Block allocation help?

ladyfoxladyfox Member Posts: 32 ■■□□□□□□□□
Hi guys,

Any experts on block allocation out there?

I'm trying to understand the effects of increasing or decreasing block size on NTFS drives. We have a number of large storage servers at work that seem to hit some major fragmentation issues so we were looking at increasing the block size from 512 bytes/block to, well, not sure yet but something bigger. Anyone have working experience of this practice (i cant seem to find anything helpful online so even any links you can find may help.

Guess I am trying to figure out he positives and negatives of doing this and and real world practises. Whether increasing block size means i actually have to increase the memoery requirements, etc,

I appreciate this is a bit off topic but if anyone can help that would be really appreciated :)

Comments

  • dynamikdynamik Banned Posts: 12,312 ■■■■■■■■■□
    I think the default is 4k for disks over 2gb.
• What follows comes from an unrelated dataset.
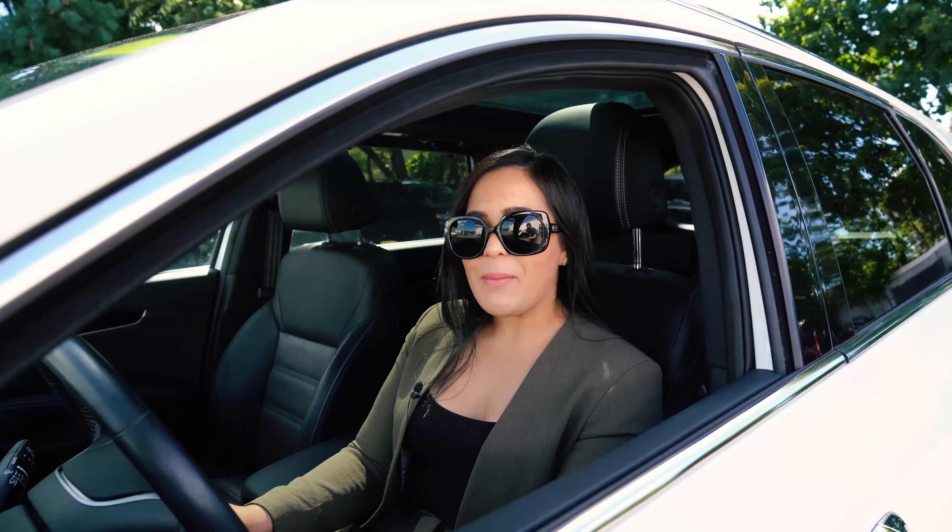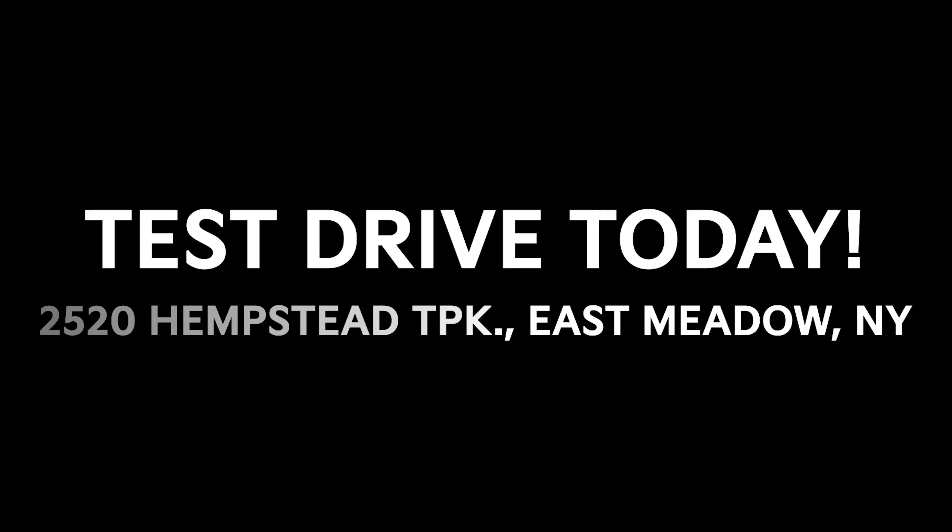Learn more about the many benefits of buying a Kia certified pre-owned vehicle from AutoWorld Kia in East Meadow.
    The larger the size, the better the performance. The lower the size, the better usage of disk space (i.e. a 1 byte file taking 512b instead of 4k). However, with current file sizes and disk sizes, I don't think the wasted space would even be noticeable. That seems low IMO.
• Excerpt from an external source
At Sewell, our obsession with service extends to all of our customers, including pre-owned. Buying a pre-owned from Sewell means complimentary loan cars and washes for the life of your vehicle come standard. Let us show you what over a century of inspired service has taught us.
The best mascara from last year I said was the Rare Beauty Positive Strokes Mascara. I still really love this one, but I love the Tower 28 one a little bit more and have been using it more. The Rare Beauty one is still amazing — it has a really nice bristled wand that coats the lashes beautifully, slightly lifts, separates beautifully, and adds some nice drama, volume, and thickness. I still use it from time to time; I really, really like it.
    I'm not sure how much that would actually affect things though. What is the drive(s) being used for? What RAID level, if any?
  • HeroPsychoHeroPsycho Inactive Imported Users Posts: 1,940
    From my understanding, the only significant trade offs you have between block sizes are how much space data fragments that don't fill a block use vs. overhead of the file system and how large a partition you can have. I personally don't see a bunch of difference in fragmentation levels going either way enough to warrant my decision based on that. This becomes especially true when you're dealing with databases, since deleted contents usually becomes white space you don't recover on the storage unless you run special offline compaction commands, so disk level defrags don't do squat. You have to actually run db utilities for effective defragging.
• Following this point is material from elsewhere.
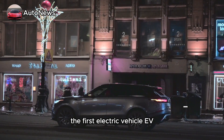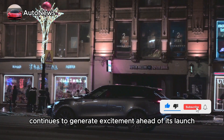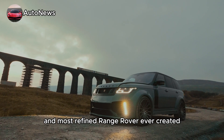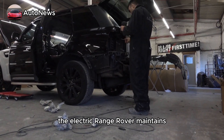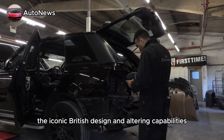The first electric vehicle from Range Rover continues to generate excitement ahead of its launch. The automaker anticipates that its inaugural electric vehicle will be the quietest and most refined Range Rover ever created. Built on the foundation of the current gasoline or diesel models, the electric Range Rover maintains the iconic British design and all-terrain capabilities.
    It all comes down to your application and storage needs. Without that info, no recommendation will do you any good.
    Good luck to all!
  • ladyfoxladyfox Member Posts: 32 ■■□□□□□□□□
    Sorry for the late reply.

    We're not doing anything clever, just file system servers, but we do get fragmentation issues so I guess i am looking at how to reduce that. Block allocation seemed to be a viable solution, I am not sure what else. Moving to SSD?

    Any thoughts? Be great to hear from anyone with some experience in this area.
  • tierstentiersten Member Posts: 4,505
    Define major fragmentation issues.

    Changing the block size won't do much for fragmentation unless the majority of your files that change on a regular basis fit in a block.